**Task statement:**
For this exercise, transcribe all of the records exactly as given.

**Records to process:**
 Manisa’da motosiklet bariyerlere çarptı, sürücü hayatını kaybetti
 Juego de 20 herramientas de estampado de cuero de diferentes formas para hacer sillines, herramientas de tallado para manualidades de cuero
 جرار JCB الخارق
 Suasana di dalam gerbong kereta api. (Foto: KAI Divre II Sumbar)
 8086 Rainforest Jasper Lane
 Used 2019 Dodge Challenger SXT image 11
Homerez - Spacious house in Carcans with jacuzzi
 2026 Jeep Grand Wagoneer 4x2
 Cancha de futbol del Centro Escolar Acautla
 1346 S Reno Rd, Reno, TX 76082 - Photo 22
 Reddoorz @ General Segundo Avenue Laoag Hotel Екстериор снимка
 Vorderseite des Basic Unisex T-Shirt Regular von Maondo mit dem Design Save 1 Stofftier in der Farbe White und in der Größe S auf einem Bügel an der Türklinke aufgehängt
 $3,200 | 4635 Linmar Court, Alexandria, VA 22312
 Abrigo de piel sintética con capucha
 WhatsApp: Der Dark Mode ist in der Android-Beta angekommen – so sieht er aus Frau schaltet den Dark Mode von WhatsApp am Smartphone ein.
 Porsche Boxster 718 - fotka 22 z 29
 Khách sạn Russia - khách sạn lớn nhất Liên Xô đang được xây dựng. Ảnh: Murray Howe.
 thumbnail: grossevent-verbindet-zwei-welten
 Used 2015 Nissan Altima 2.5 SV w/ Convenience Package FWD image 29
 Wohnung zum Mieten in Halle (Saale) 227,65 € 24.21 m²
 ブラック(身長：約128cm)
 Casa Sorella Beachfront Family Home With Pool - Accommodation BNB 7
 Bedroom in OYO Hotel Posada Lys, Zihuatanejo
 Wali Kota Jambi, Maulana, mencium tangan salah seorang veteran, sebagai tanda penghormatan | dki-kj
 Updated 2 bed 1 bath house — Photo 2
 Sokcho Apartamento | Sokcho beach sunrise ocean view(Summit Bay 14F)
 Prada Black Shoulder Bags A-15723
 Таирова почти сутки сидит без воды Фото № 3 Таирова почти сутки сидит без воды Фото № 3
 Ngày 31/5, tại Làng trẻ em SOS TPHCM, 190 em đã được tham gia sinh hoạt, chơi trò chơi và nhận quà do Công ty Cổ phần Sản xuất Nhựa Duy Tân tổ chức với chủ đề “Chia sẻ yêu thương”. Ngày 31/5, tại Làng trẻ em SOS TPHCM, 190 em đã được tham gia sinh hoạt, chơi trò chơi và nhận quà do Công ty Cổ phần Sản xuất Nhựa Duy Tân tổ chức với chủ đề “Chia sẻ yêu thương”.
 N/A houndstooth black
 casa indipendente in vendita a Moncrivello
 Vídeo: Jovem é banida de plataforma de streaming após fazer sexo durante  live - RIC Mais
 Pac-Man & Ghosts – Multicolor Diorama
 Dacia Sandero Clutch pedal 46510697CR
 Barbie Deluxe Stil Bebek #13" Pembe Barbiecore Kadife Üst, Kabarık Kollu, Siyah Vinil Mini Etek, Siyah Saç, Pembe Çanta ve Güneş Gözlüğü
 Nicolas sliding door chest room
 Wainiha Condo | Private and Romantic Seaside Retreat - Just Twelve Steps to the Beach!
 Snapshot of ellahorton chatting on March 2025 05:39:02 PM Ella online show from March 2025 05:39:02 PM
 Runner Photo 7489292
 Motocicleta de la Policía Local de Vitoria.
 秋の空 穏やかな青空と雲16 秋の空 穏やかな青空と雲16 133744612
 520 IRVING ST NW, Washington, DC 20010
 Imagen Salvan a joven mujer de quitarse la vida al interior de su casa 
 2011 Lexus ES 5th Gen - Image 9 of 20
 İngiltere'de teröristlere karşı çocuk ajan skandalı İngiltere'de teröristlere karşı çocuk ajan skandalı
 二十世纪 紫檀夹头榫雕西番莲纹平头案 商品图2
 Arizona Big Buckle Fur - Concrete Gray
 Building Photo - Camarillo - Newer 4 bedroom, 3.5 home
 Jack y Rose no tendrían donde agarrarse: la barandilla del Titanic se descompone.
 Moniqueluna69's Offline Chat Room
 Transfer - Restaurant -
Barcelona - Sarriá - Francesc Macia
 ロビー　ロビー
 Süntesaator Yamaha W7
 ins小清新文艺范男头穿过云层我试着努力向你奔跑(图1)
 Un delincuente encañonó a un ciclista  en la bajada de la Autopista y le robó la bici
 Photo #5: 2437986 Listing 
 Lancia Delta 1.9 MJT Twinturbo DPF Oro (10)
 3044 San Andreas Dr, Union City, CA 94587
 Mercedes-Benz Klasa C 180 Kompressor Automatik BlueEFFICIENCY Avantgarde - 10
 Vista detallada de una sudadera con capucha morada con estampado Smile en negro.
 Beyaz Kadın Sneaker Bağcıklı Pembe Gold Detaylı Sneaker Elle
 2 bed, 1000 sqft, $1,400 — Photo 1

**Output for this task:**
 Manisa’da motosiklet bariyerlere çarptı, sürücü hayatını kaybetti
 Juego de 20 herramientas de estampado de cuero de diferentes formas para hacer sillines, herramientas de tallado para manualidades de cuero
 جرار JCB الخارق
 Suasana di dalam gerbong kereta api. (Foto: KAI Divre II Sumbar)
 8086 Rainforest Jasper Lane
 Used 2019 Dodge Challenger SXT image 11
Homerez - Spacious house in Carcans with jacuzzi
 2026 Jeep Grand Wagoneer 4x2
 Cancha de futbol del Centro Escolar Acautla
 1346 S Reno Rd, Reno, TX 76082 - Photo 22
 Reddoorz @ General Segundo Avenue Laoag Hotel Екстериор снимка
 Vorderseite des Basic Unisex T-Shirt Regular von Maondo mit dem Design Save 1 Stofftier in der Farbe White und in der Größe S auf einem Bügel an der Türklinke aufgehängt
 $3,200 | 4635 Linmar Court, Alexandria, VA 22312
 Abrigo de piel sintética con capucha
 WhatsApp: Der Dark Mode ist in der Android-Beta angekommen – so sieht er aus Frau schaltet den Dark Mode von WhatsApp am Smartphone ein.
 Porsche Boxster 718 - fotka 22 z 29
 Khách sạn Russia - khách sạn lớn nhất Liên Xô đang được xây dựng. Ảnh: Murray Howe.
 thumbnail: grossevent-verbindet-zwei-welten
 Used 2015 Nissan Altima 2.5 SV w/ Convenience Package FWD image 29
 Wohnung zum Mieten in Halle (Saale) 227,65 € 24.21 m²
 ブラック(身長：約128cm)
 Casa Sorella Beachfront Family Home With Pool - Accommodation BNB 7
 Bedroom in OYO Hotel Posada Lys, Zihuatanejo
 Wali Kota Jambi, Maulana, mencium tangan salah seorang veteran, sebagai tanda penghormatan | dki-kj
 Updated 2 bed 1 bath house — Photo 2
 Sokcho Apartamento | Sokcho beach sunrise ocean view(Summit Bay 14F)
 Prada Black Shoulder Bags A-15723
 Таирова почти сутки сидит без воды Фото № 3 Таирова почти сутки сидит без воды Фото № 3
 Ngày 31/5, tại Làng trẻ em SOS TPHCM, 190 em đã được tham gia sinh hoạt, chơi trò chơi và nhận quà do Công ty Cổ phần Sản xuất Nhựa Duy Tân tổ chức với chủ đề “Chia sẻ yêu thương”. Ngày 31/5, tại Làng trẻ em SOS TPHCM, 190 em đã được tham gia sinh hoạt, chơi trò chơi và nhận quà do Công ty Cổ phần Sản xuất Nhựa Duy Tân tổ chức với chủ đề “Chia sẻ yêu thương”.
 N/A houndstooth black
 casa indipendente in vendita a Moncrivello
 Vídeo: Jovem é banida de plataforma de streaming após fazer sexo durante  live - RIC Mais
 Pac-Man & Ghosts – Multicolor Diorama
 Dacia Sandero Clutch pedal 46510697CR
 Barbie Deluxe Stil Bebek #13" Pembe Barbiecore Kadife Üst, Kabarık Kollu, Siyah Vinil Mini Etek, Siyah Saç, Pembe Çanta ve Güneş Gözlüğü
 Nicolas sliding door chest room
 Wainiha Condo | Private and Romantic Seaside Retreat - Just Twelve Steps to the Beach!
 Snapshot of ellahorton chatting on March 2025 05:39:02 PM Ella online show from March 2025 05:39:02 PM
 Runner Photo 7489292
 Motocicleta de la Policía Local de Vitoria.
 秋の空 穏やかな青空と雲16 秋の空 穏やかな青空と雲16 133744612
 520 IRVING ST NW, Washington, DC 20010
 Imagen Salvan a joven mujer de quitarse la vida al interior de su casa 
 2011 Lexus ES 5th Gen - Image 9 of 20
 İngiltere'de teröristlere karşı çocuk ajan skandalı İngiltere'de teröristlere karşı çocuk ajan skandalı
 二十世纪 紫檀夹头榫雕西番莲纹平头案 商品图2
 Arizona Big Buckle Fur - Concrete Gray
 Building Photo - Camarillo - Newer 4 bedroom, 3.5 home
 Jack y Rose no tendrían donde agarrarse: la barandilla del Titanic se descompone.
 Moniqueluna69's Offline Chat Room
 Transfer - Restaurant -
Barcelona - Sarriá - Francesc Macia
 ロビー　ロビー
 Süntesaator Yamaha W7
 ins小清新文艺范男头穿过云层我试着努力向你奔跑(图1)
 Un delincuente encañonó a un ciclista  en la bajada de la Autopista y le robó la bici
 Photo #5: 2437986 Listing 
 Lancia Delta 1.9 MJT Twinturbo DPF Oro (10)
 3044 San Andreas Dr, Union City, CA 94587
 Mercedes-Benz Klasa C 180 Kompressor Automatik BlueEFFICIENCY Avantgarde - 10
 Vista detallada de una sudadera con capucha morada con estampado Smile en negro.
 Beyaz Kadın Sneaker Bağcıklı Pembe Gold Detaylı Sneaker Elle
 2 bed, 1000 sqft, $1,400 — Photo 1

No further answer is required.